▶ _Task input_
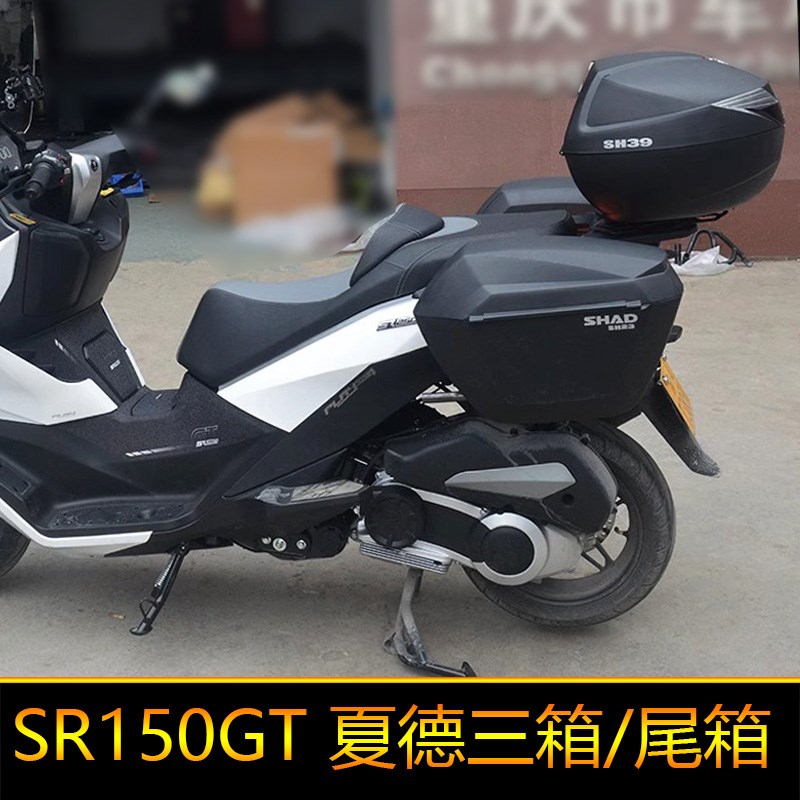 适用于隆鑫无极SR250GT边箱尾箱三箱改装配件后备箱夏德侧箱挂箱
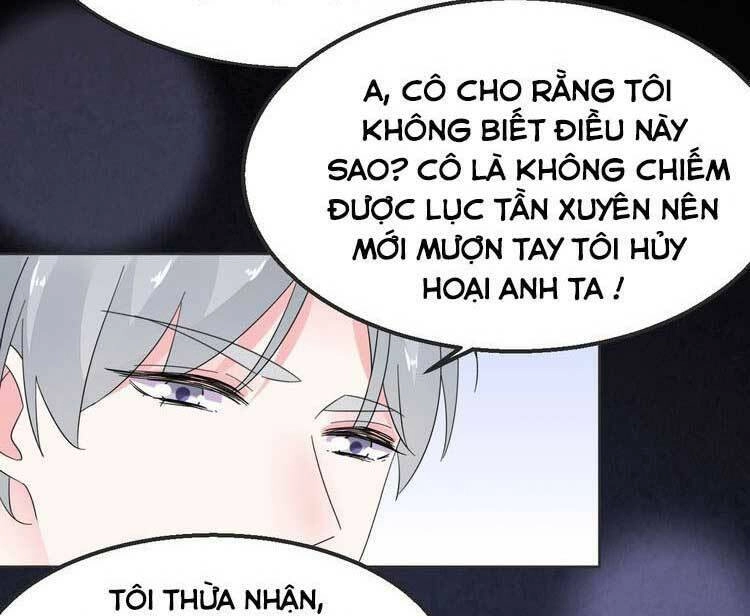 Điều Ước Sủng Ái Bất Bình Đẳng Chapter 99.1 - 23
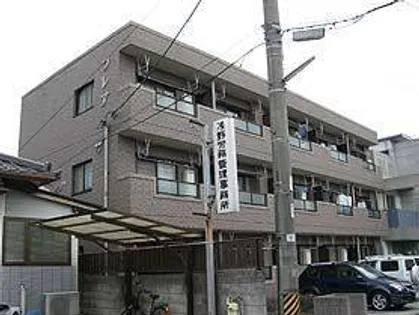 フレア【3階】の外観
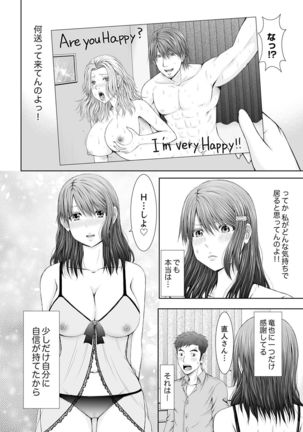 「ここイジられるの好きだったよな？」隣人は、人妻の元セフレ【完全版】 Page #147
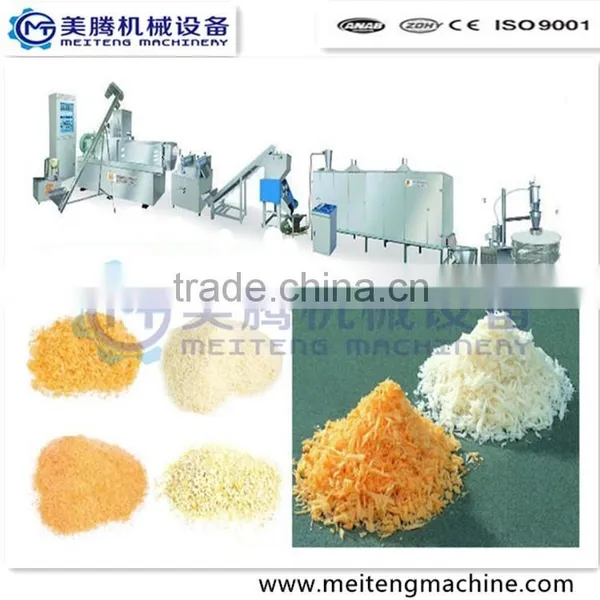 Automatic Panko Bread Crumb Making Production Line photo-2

▶ _Exercise prompt_
Begin at the line containing "Điều Ước Sủng" and write out every line to the end of the data exactly. Skip the pictures.

▶ _Problem solution_
 Điều Ước Sủng Ái Bất Bình Đẳng Chapter 99.1 - 23
 フレア【3階】の外観
 「ここイジられるの好きだったよな？」隣人は、人妻の元セフレ【完全版】 Page #147
 Automatic Panko Bread Crumb Making Production Line photo-2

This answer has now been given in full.